Data under study:

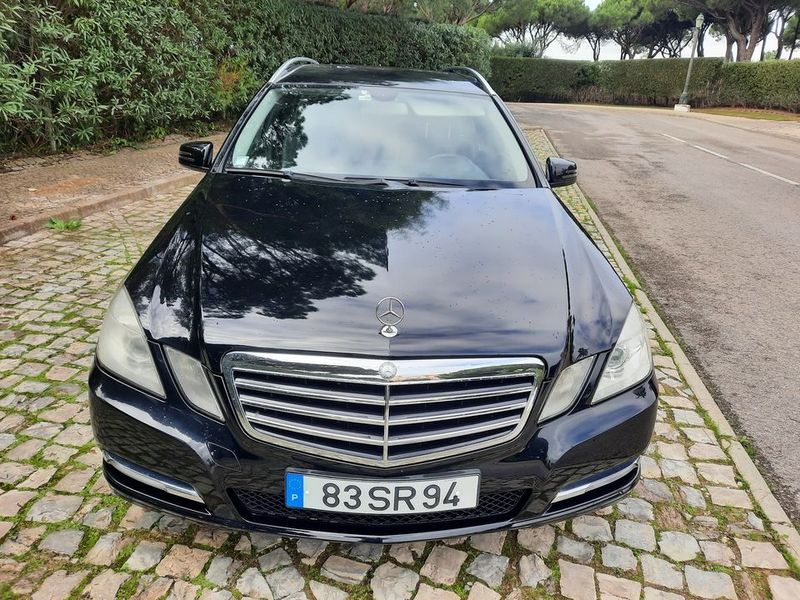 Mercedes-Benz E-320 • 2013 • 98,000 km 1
--
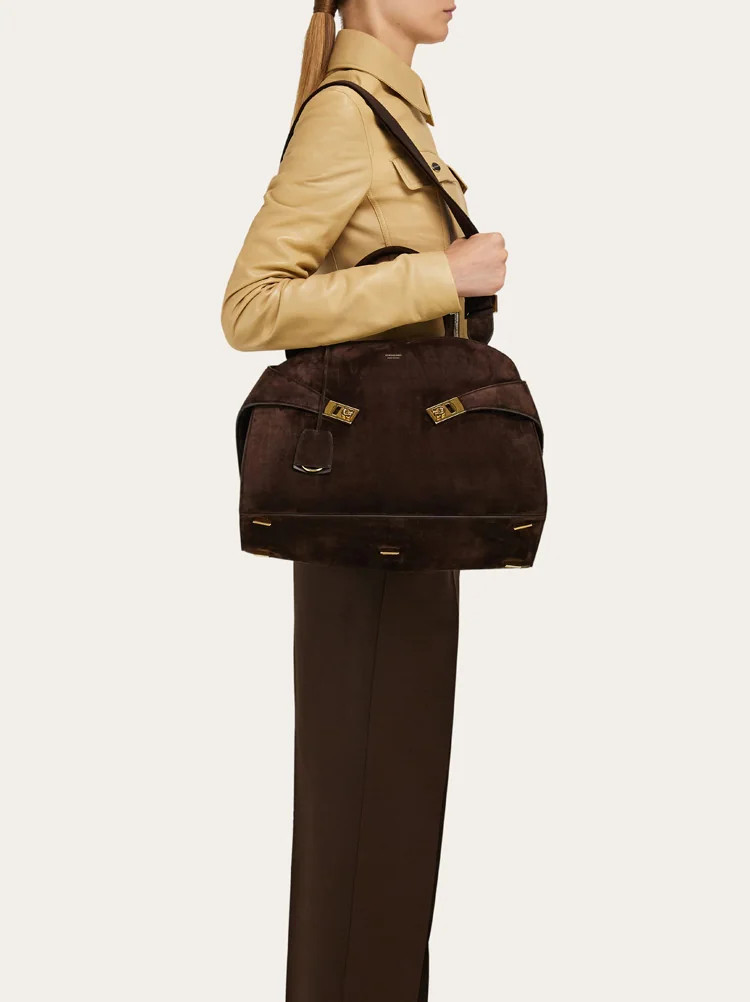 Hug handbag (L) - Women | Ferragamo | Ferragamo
...
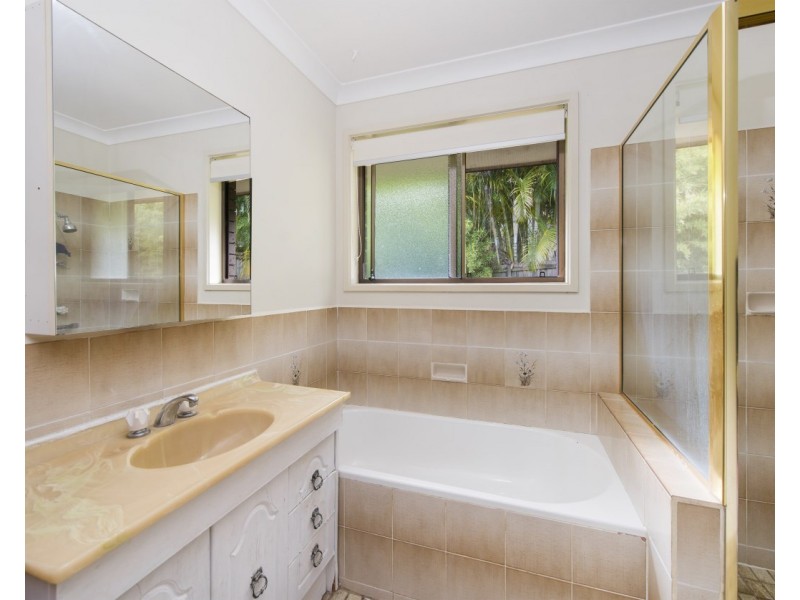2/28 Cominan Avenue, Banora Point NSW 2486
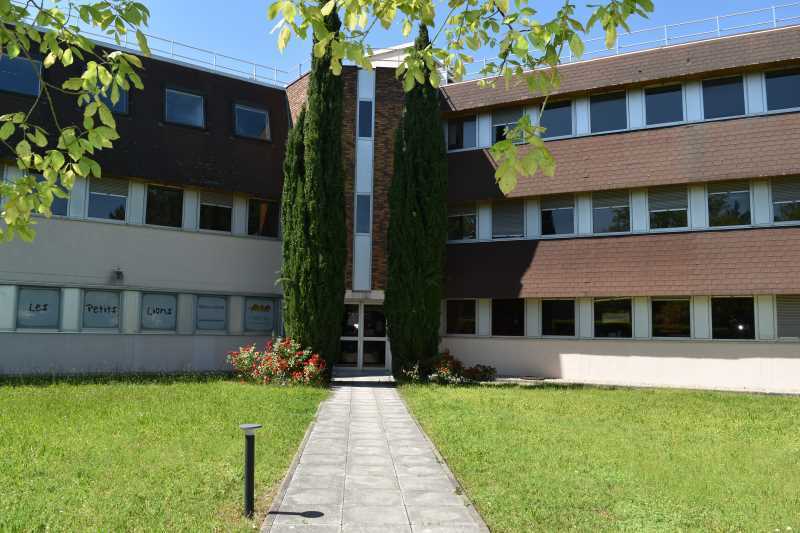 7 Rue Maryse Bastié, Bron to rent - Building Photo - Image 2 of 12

Work instructions: With the pictures omitted, copy the entries above exactly from the line containing "2/28 Cominan Avenue, Banora Point NSW 2486" through the line containing "7 Rue Maryse", both lines included.

Response:
2/28 Cominan Avenue, Banora Point NSW 2486
 7 Rue Maryse Bastié, Bron to rent - Building Photo - Image 2 of 12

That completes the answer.